Paramspace - Enabling grid search at scale - Snakemake

updated: 2022-11-29
#tools/snakemake

Snakemake provides a rich set of functions to handle parameter spaces. Yet, it gets tedious when exploring many combinations of many types of parameters. Snakemake provides a helper called Paramspace to handle this situation.

Paramspace takes pandas DataFrame, where each row represents a combination of parameter values. Then, Paramspace generates a placeholder for parameters that can be used as a part of a file name. For instance,

# declare a data frame to be a paramspace
paramspace = Paramspace(pd.read_csv("params.tsv", sep="\t"))
input_file = f"results/simulations/{paramspace.wildcard_pattern}.tsv"

Here, the input_file looks like this:

"results/simulations/alpha~{alpha}_beta~{beta}_gamma~{gamma}.tsv"

where the alpha to gamma is parameter names taken from the columns of the input DataFrame.

It is convenient, though I don't like creating the DataFrame.
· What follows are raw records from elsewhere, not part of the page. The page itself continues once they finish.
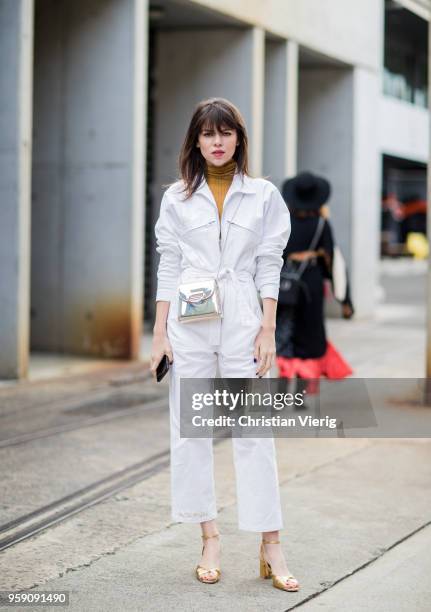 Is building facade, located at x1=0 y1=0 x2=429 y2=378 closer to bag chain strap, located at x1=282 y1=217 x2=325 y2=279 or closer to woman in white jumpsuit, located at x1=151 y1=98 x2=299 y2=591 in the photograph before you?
bag chain strap, located at x1=282 y1=217 x2=325 y2=279

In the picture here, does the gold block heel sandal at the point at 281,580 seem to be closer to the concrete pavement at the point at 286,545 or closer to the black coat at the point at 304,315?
the concrete pavement at the point at 286,545

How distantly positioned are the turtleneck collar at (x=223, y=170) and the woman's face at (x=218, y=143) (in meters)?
0.06

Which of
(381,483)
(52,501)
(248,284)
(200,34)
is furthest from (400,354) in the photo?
(248,284)

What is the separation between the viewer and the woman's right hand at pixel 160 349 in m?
4.60

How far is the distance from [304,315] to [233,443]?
4.24 meters

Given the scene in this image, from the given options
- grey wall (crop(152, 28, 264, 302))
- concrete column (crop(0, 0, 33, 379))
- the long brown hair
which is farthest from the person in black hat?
grey wall (crop(152, 28, 264, 302))

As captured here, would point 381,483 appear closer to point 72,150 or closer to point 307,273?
point 307,273

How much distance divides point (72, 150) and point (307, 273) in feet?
13.6

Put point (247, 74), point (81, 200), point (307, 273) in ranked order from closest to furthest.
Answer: point (307, 273) < point (81, 200) < point (247, 74)

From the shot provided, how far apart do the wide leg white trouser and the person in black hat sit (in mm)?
4086

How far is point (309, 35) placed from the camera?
615 inches

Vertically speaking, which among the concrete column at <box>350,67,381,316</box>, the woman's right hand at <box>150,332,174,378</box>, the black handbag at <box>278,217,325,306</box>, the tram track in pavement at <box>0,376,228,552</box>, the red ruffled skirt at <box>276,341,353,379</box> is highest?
the concrete column at <box>350,67,381,316</box>

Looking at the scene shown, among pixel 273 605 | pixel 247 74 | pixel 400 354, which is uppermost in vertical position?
pixel 247 74

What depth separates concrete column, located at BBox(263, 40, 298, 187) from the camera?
49.9 feet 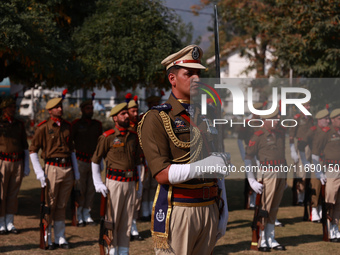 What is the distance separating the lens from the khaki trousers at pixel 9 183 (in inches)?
361

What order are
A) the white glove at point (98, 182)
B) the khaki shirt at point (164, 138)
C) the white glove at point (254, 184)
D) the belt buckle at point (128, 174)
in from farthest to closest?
the white glove at point (254, 184), the belt buckle at point (128, 174), the white glove at point (98, 182), the khaki shirt at point (164, 138)

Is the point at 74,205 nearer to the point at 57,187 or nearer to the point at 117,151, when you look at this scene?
the point at 57,187

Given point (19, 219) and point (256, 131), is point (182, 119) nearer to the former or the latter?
point (256, 131)

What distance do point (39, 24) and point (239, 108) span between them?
502 centimetres

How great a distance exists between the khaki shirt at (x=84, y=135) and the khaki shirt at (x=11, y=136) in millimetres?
1268

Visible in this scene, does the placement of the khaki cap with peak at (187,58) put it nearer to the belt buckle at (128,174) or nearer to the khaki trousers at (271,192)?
the belt buckle at (128,174)

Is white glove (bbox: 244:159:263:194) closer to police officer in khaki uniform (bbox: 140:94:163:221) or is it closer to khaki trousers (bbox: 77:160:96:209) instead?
police officer in khaki uniform (bbox: 140:94:163:221)

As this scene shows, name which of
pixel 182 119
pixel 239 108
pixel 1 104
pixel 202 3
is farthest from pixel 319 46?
pixel 202 3

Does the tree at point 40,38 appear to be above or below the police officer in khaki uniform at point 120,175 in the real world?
above

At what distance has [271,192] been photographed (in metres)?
8.20

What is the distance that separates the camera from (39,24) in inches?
350

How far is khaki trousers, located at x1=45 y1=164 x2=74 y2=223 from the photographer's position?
8227 mm

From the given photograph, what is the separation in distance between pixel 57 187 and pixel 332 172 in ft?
15.7

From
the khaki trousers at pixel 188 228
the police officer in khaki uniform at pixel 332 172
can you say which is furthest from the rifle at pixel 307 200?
the khaki trousers at pixel 188 228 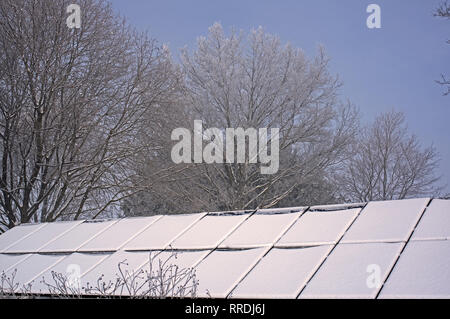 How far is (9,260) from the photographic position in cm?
601

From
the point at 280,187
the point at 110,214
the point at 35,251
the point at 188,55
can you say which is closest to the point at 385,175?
the point at 280,187

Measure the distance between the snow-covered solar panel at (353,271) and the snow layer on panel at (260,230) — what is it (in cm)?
76

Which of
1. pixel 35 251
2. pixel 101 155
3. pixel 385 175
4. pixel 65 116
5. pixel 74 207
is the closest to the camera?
pixel 35 251

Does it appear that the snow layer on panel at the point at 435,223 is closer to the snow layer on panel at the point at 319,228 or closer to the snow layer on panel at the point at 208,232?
the snow layer on panel at the point at 319,228

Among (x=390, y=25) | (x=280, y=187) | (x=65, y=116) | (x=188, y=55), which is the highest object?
(x=390, y=25)

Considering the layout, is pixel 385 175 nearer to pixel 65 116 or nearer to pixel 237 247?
pixel 65 116

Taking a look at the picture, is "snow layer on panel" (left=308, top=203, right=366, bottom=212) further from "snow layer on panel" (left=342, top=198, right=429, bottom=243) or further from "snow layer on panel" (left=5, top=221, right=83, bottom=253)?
"snow layer on panel" (left=5, top=221, right=83, bottom=253)

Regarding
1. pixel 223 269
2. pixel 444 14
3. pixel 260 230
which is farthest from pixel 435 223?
pixel 444 14

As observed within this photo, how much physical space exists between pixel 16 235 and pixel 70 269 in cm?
217

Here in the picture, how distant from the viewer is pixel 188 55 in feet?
64.0

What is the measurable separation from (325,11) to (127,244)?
21270 mm

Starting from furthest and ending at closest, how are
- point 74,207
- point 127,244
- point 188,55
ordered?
point 188,55
point 74,207
point 127,244

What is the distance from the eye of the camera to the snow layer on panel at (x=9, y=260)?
5776 mm

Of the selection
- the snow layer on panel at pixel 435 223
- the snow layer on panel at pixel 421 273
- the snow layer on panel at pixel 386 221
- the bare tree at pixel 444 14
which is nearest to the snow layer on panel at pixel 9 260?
the snow layer on panel at pixel 386 221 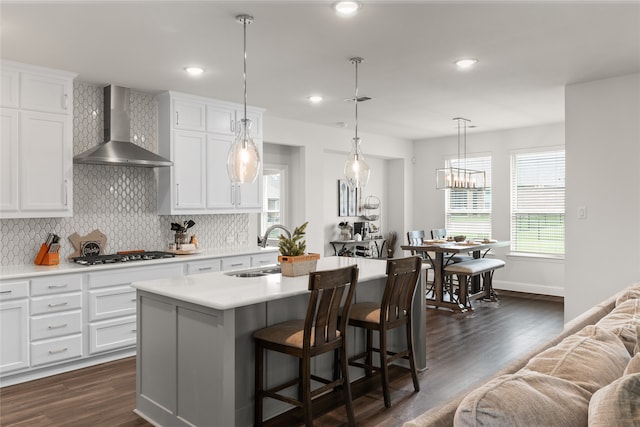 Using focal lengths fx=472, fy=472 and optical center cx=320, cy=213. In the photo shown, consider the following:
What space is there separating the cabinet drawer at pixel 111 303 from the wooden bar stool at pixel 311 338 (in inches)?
77.6

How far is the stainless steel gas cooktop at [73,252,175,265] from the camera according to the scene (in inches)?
168

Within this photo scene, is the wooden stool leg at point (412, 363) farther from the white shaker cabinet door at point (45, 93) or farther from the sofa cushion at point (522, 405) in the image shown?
the white shaker cabinet door at point (45, 93)

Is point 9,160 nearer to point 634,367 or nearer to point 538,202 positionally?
point 634,367

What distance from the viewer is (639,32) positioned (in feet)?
11.0

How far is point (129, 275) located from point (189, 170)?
1.35 meters

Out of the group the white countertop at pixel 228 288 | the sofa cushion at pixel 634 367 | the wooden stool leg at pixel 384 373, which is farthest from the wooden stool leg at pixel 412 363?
the sofa cushion at pixel 634 367

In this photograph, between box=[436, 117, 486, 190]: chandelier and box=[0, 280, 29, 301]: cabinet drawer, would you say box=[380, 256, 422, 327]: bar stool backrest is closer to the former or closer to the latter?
box=[0, 280, 29, 301]: cabinet drawer

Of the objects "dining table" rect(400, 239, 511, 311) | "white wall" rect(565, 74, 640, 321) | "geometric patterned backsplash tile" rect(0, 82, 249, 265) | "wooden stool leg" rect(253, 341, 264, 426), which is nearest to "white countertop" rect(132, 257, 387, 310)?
"wooden stool leg" rect(253, 341, 264, 426)

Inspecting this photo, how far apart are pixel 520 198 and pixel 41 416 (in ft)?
22.8

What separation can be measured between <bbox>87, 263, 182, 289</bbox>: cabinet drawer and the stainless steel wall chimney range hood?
101 cm

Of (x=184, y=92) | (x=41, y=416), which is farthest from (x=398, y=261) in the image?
(x=184, y=92)

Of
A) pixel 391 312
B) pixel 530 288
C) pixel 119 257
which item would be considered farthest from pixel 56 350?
pixel 530 288

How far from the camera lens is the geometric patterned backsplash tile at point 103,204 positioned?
427 centimetres

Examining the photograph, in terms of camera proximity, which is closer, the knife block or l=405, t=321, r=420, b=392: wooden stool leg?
l=405, t=321, r=420, b=392: wooden stool leg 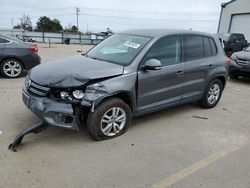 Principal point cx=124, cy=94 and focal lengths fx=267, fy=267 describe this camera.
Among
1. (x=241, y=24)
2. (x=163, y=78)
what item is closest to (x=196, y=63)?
(x=163, y=78)

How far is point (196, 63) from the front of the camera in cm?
522

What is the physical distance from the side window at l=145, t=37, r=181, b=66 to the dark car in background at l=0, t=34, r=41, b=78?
5.09m

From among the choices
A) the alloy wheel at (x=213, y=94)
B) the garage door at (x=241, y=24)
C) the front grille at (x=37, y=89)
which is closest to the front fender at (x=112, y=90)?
the front grille at (x=37, y=89)

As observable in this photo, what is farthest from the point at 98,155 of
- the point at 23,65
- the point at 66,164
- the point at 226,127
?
the point at 23,65

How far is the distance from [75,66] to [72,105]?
0.75 metres

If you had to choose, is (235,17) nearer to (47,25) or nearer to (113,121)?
(113,121)

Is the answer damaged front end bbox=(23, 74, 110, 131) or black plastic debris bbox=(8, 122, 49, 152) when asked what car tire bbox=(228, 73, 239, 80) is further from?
black plastic debris bbox=(8, 122, 49, 152)

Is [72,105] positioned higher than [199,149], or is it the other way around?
→ [72,105]

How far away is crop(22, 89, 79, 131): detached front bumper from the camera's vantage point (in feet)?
12.1

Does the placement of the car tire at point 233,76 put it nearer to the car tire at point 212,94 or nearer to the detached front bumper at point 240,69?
the detached front bumper at point 240,69

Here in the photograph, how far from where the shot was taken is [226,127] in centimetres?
492

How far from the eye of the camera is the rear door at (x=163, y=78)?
4.37 metres

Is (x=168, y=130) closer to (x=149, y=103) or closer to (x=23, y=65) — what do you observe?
(x=149, y=103)

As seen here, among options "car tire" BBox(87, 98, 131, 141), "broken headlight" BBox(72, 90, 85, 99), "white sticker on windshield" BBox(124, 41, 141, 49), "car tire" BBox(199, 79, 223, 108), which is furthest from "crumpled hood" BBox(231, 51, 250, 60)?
"broken headlight" BBox(72, 90, 85, 99) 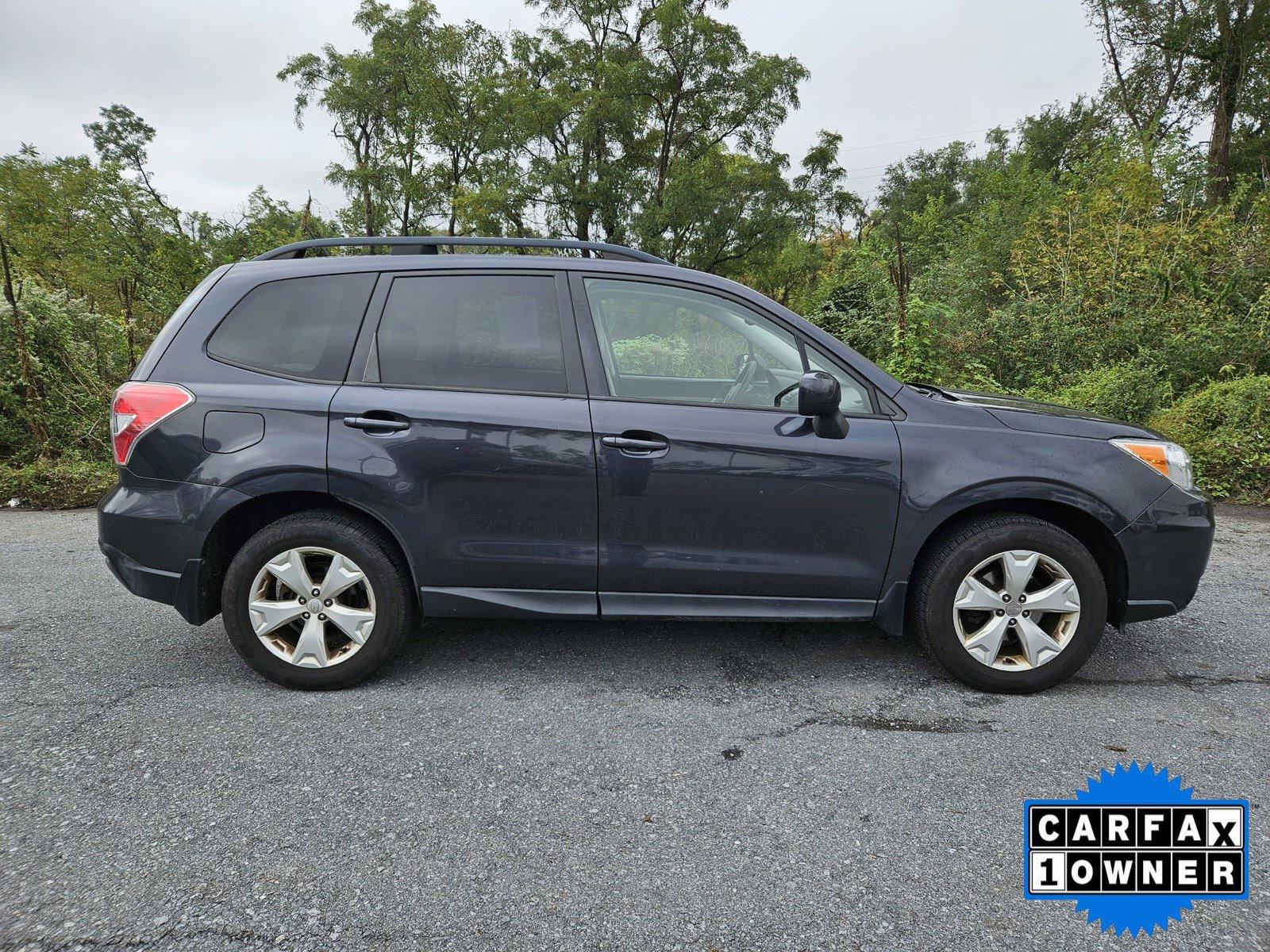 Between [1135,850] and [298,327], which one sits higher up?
[298,327]

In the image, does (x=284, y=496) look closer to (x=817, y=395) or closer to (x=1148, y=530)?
(x=817, y=395)

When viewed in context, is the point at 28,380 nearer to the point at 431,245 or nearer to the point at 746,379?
the point at 431,245

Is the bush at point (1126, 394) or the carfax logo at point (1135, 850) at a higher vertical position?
the bush at point (1126, 394)

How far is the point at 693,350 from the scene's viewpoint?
10.7 feet

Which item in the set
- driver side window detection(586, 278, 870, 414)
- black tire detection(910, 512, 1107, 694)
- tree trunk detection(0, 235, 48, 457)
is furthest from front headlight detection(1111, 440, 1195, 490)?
tree trunk detection(0, 235, 48, 457)

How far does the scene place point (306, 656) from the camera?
9.86 ft

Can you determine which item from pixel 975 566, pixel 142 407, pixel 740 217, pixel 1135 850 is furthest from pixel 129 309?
pixel 740 217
So I wrote a simple utility function that makes parameter handling easier.

Utilities for Snakemake · GitHub

Download the util.smk and put it under the same folder as Snakemake resides. Then, import it by

include: "./utils.smk"

The way it works is as follows. Suppose that I have five parameters and want to run a workflow for every combination of the parameters. I specify the name and value of parameters by dict as follows:

params_spherical_model = {
    "geometry":[True],
    "symmetric":[False, True],
    "aging":[False, True],
    "fitness":[True, False],
    "dim": [16, 64, 128],
}

Create a Paramspace helper by passing the dict to my utility function to_params:

spherical_model_paramspace = to_paramspace(params_spherical_model)

Then, define the filename using wildcard_pattern, e.g.,

GEOMETRIC_MODEL_FILE = f"model_{spherical_model_paramspace.wildcard_pattern}.pt"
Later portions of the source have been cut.